After the Boom
Mika Tajima Responds to the Collapse of WaMu in the Gallery at SAM
Now that everybody is protest-occupying everything, it's worth paying attention to what's gone unoccupied. For example: That sparkling wafer of a tower once full of the business of Washington Mutual in the center of Seattle. The bankrupted bank formerly paid life-sustaining rent to the Seattle Art Museum located on the tower's lowest floors. Three years ago, when SAM invited a New York artist to create a commission in one of its galleries, she happened to visit just after WaMu's collapse. After the Martini Shot, her current installation, is her response.
The title refers to that instant just after a film has wrapped, after the last shot of the day, the "martini shot." The artist, Mika Tajima, has arranged a series of videos and movable objects on wheels in SAM's gallery, as though a film set has just been abandoned. When people walk through, they're unsure of what to do, what to focus on. They may notice their movements reflected in the perforated paintings that have been turned into blinds—louvered, laminated with mirrors. Here comes one visitor, there goes another, on the surface of an abstract painting. Other pieces are spray-painted Plexiglas boxes mounted on the walls like hallowed monochromes (think Rothko)—but (literally) hollow and multiple, art as designer decoration, extra inventory in a storage space.
One of Tajima's sculptures, The Extras, is an actual storage rack for art. SAM gave Tajima permission to slide prized objects from the permanent collection into its slots along with her own past works. The system—like an oversized drying rack—creates a series of holes that provide obscured views of SAM's valuables: an orange and yellow square painting by Josef Albers; flowers by Warhol; Mick Jagger's face. This is not the way expensive objects are intended to be seen.
Conspicuously, After the Martini Shot is a semicircular arrangement that's empty in the middle.
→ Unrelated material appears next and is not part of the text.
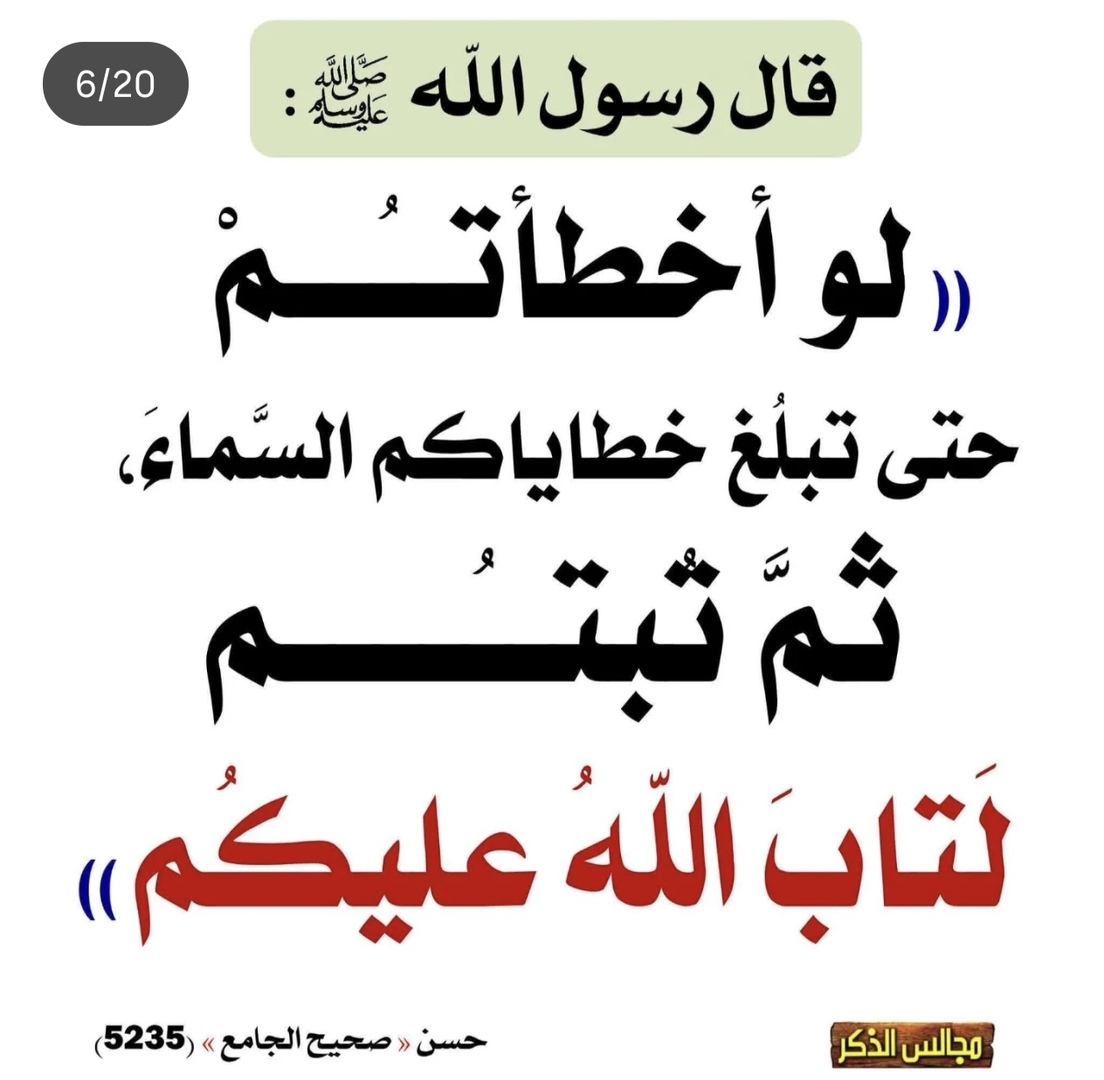 شهر رمضان المبارك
It feels like these objects could be moved, like they're not in their final place. Tajima is inspired by the 1964 invention of the cubicle, called by its designers the Action Office system. The cubicle—I mean, the Action Office—was intended to liberate workers from the anonymizing rows of desks that preceded it, which looked like dystopic adult classrooms. It makes one's mind wander several floors up.